Vancouver, Wash., officials approve tax break for development project

POSTED: Tuesday, August 16, 2011 at 03:11 PM PT
BY: Nick Bjork


The Vancouver, Wash., City Council on Monday evening approved a 12-year property tax exemption for the residential portion of a proposed downtown mixed-use building.

The 12-year exemption will save Vancouver-based developer Elie Kassab, owner of Prestige Development, approximately $93,000 annually over that period on his proposed $16 million Prestige Plaza development. It’s an exemption that Kassab said he needed to gain the financing required for the project.

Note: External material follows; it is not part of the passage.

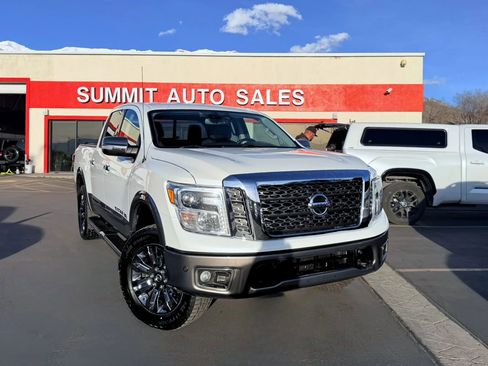 Used 2018 Nissan Titan Platinum Reserve image 2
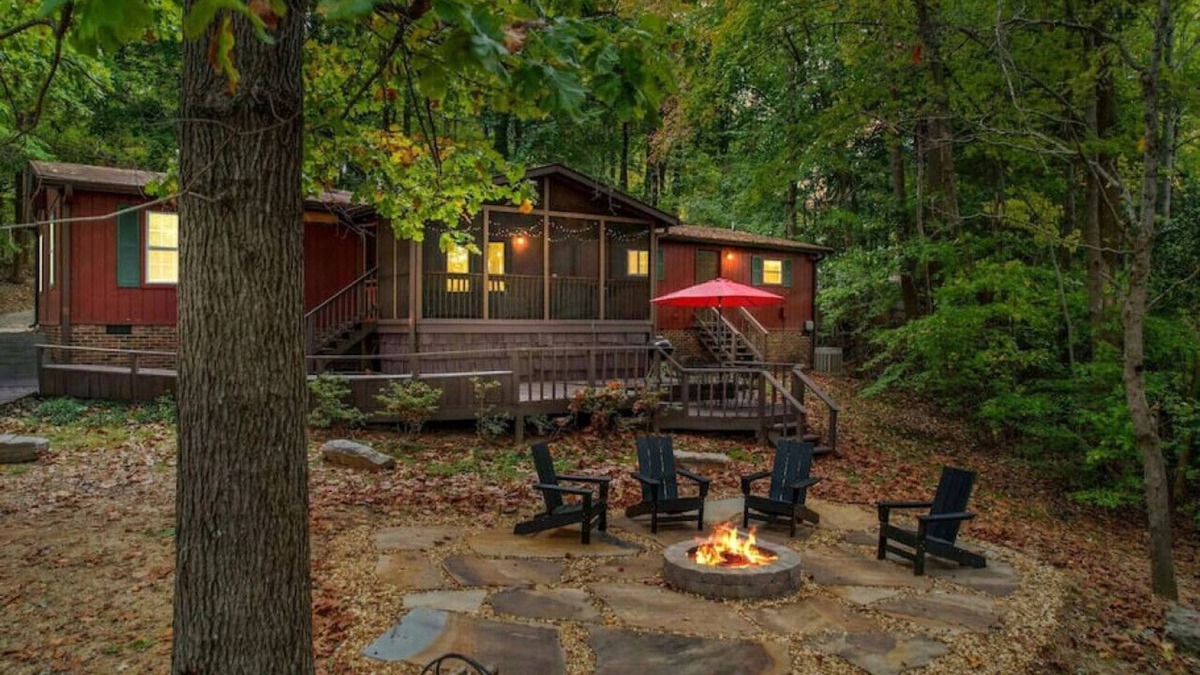 Mayhew Cabin | Warm Days & Cool Knights—Fire Pit—Pool Table—Boat Rental!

“One of the steps I needed to secure the financing from the bank was the exemption,” Kassab said. “As soon as it is deemed legal we will move forward with the bank.”

The project Kassab is proposing consists of two identical five-story buildings with a total of 92 rental units and 11,300 square feet of ground-floor retail space. Kassab said the permits are pulled for the project and he plans to move forward with construction as soon as the Burgerville building that currently sits on the property is demolished in October.

The tax break is authorized under Washington state legislation that was initially approved in 1995. The exemption allows developers to forgo property taxes on the residential portion of a development for up to 12 years if the property is located in a designated urban center and the project helps meet housing goals.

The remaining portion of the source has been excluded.